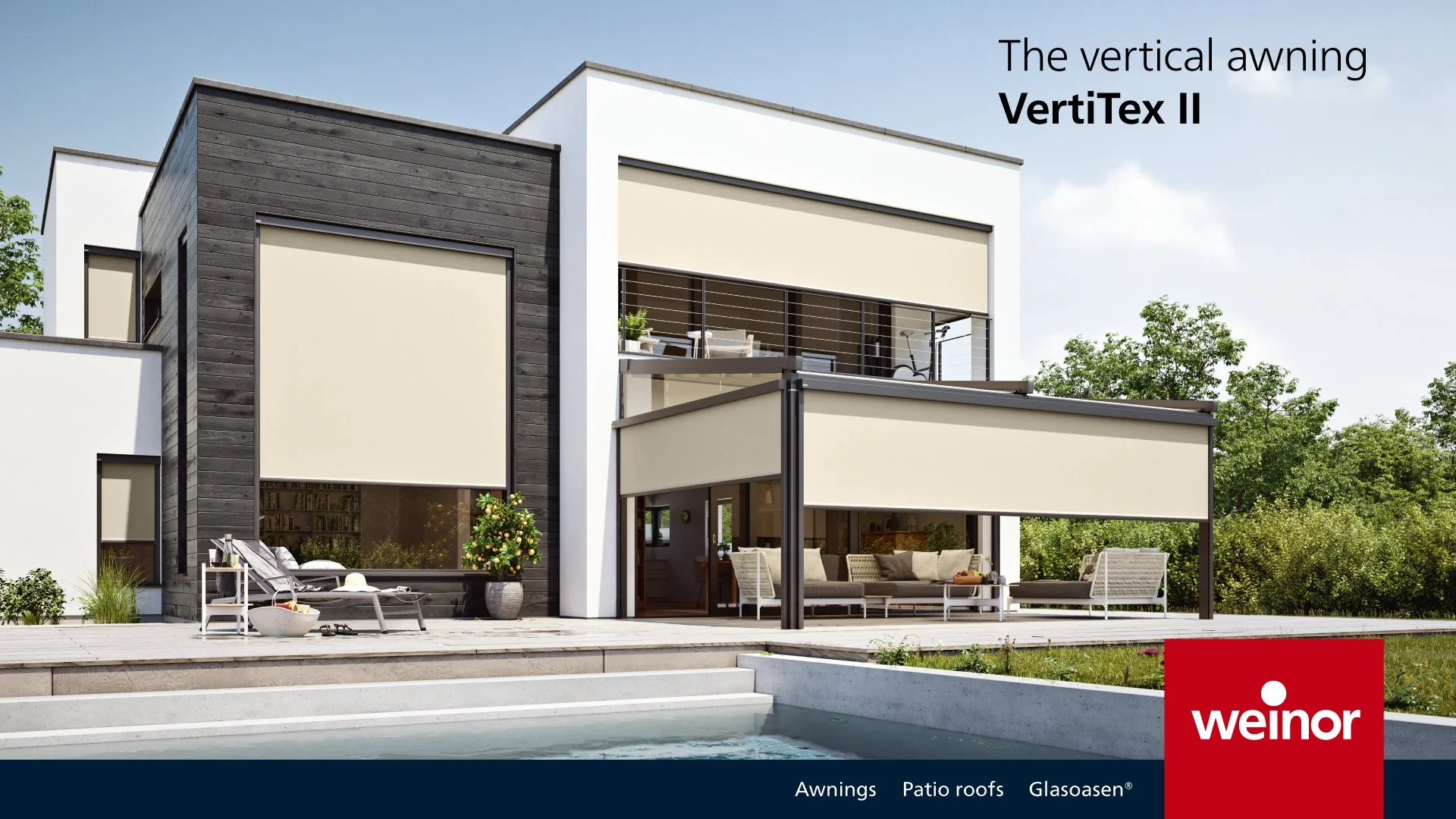 Modern house with white and black exterior, featuring vertical awning VetiTex II, patio furniture, and a swimming pool in the foreground, surrounded by trees.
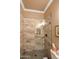 Shower featuring designer tile and black fixtures at 14507 W Christy Dr, Surprise, AZ 85379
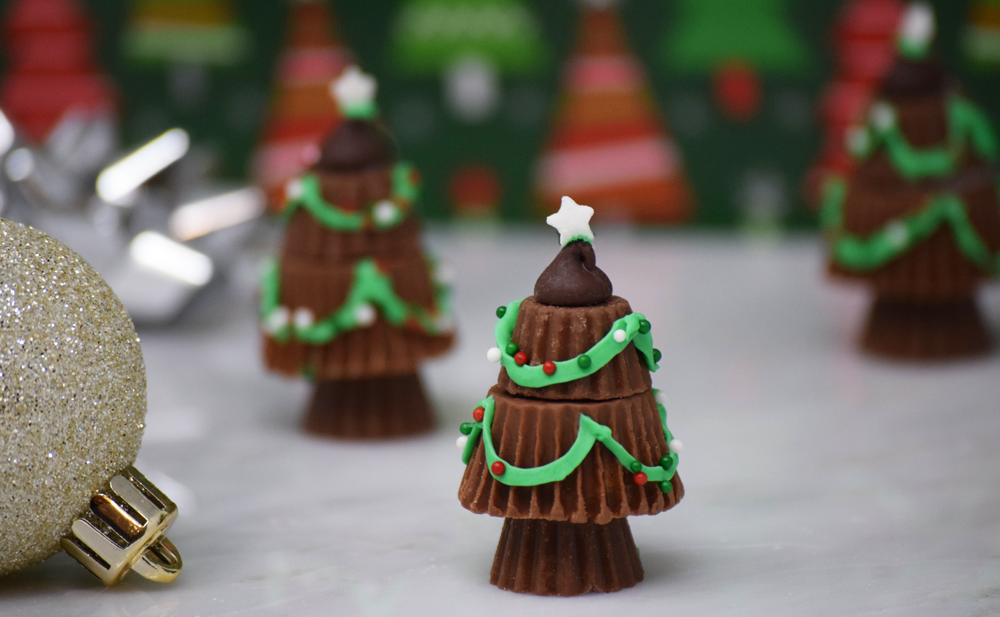 Peanut butter cup Christmas trees on a marble table with ornament decorations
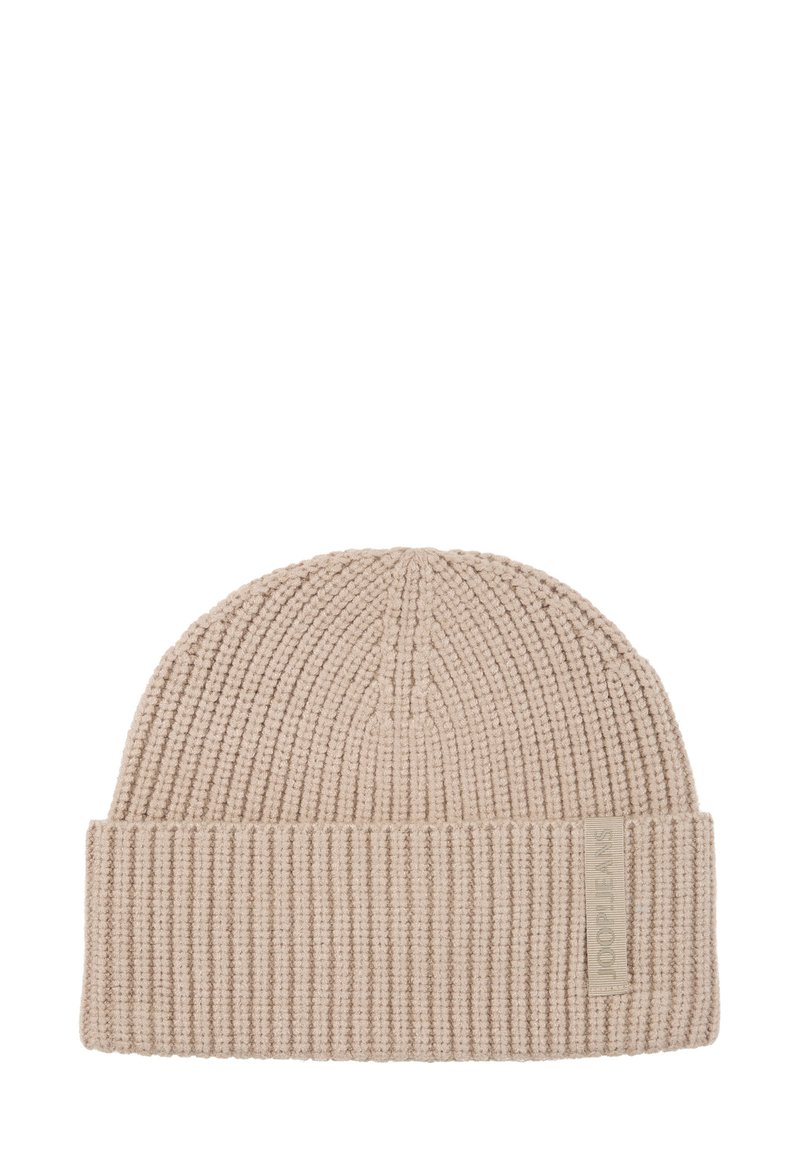 Beige gebreide muts met geribbelde textuur, omgeslagen rand en een klein stoffen label aan de zijkant, die een eenvoudige, functionele stijl uitstraalt.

+ + +

**Exercise aim:**
Write out again, exactly, only the lines from the beginning of the material above to the line that holds "Shower featuring designer", both ends included, and no pictures.

**Your solution:**
 Modern house with white and black exterior, featuring vertical awning VetiTex II, patio furniture, and a swimming pool in the foreground, surrounded by trees.
 Shower featuring designer tile and black fixtures at 14507 W Christy Dr, Surprise, AZ 85379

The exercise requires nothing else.